Cılız atının sırtında yeldeğirmenlerine saldıran Don Kişot gelirdi aklıma onu dinlerken. Sessizce Pierre Loti’de oturduğumuz anları severdim en çok. Ard arda içtiği sigaraların dumanı sarmalardı yüzünü. Şeytan tırnaklarını kanırtır, cebinde her daim bulunan kumaş mendile silerdi. Daha önce duymadığım kelimeler kullanırdı. Alengirli derdi, ikircikli ya da umarsız derdi yeri geldiğinde. Zihnime yazardım bu sözleri, ezberlerdim. Bıyıklı Teyzeyi görürdük kimi zaman. Dudağının hemen üzerinde siyaha çalan tüylerden dolayı takmıştık bu adı ona. İvedi adımlarla Özgür’ün yanına gidip sigara isterdi. Hırpani kılığı, siyah başörtüsü, görünümüne ters bakımlı, ojeli tırnakları vardı. Kahvehaneden yükselen taş plağın sesi duyulurdu bazen. Zamanın milyonlarca küçük parçaya bölündüğü anlardı bunlar. Çınar ağacından bir yaprak düşerdi saçlarıma. Yeşil, uzun vücutlu bir peygamber devesi duyargalarını öne arkaya hareket ettirip kıpırdamadan uzaktaki bir noktaya bakardı masanın üzerinde.
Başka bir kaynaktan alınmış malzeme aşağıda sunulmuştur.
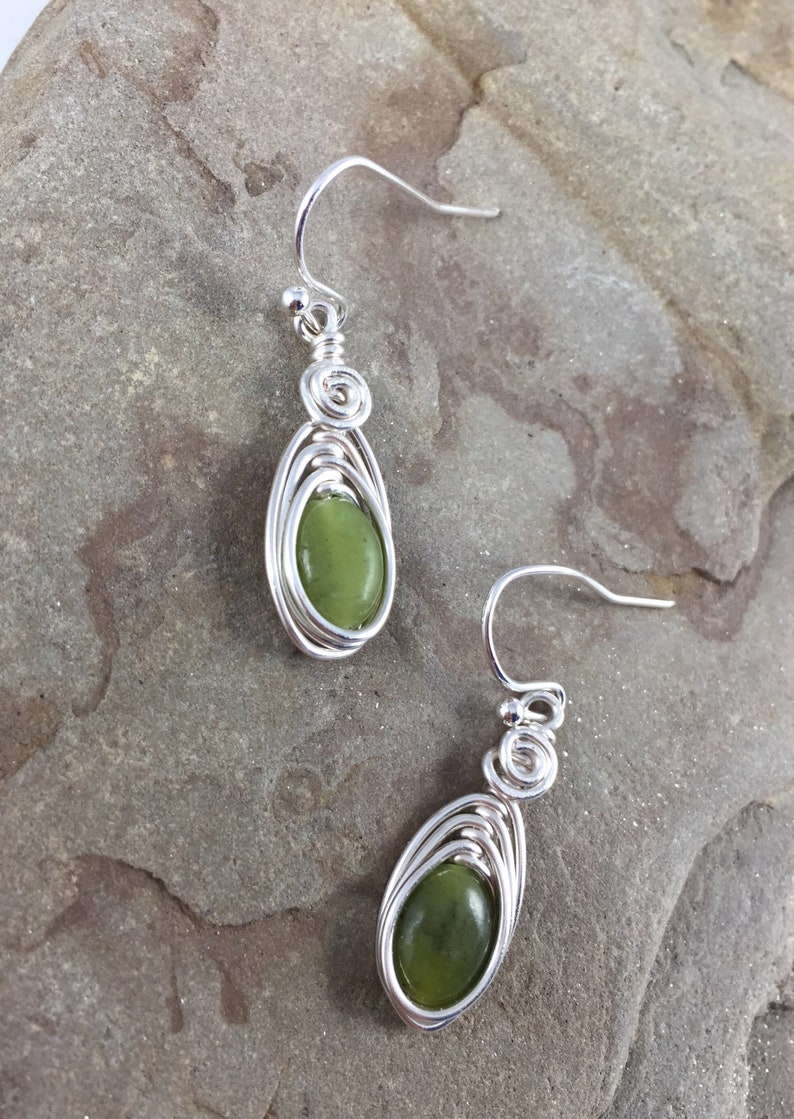 Connemara marble earrings, Connemara Drop Earrings Silver, Celtic Jewelry for Women, Ireland gemstone, Handmade Irish Gifts image 3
Az ileride kızını azarlayan bir Annenin cümlesi hecelere bölünürdü. Ye- ter- ar- tık-ka-pa-çe-ne-ni. Ve fincanda yaşayan kahverengi insanlar, kahverengi yollara düşer, üç vakte kadar başlarına konacak talih kuşunu beklerlerdi. Hayat bu küçük anlardan ibaretti belki de.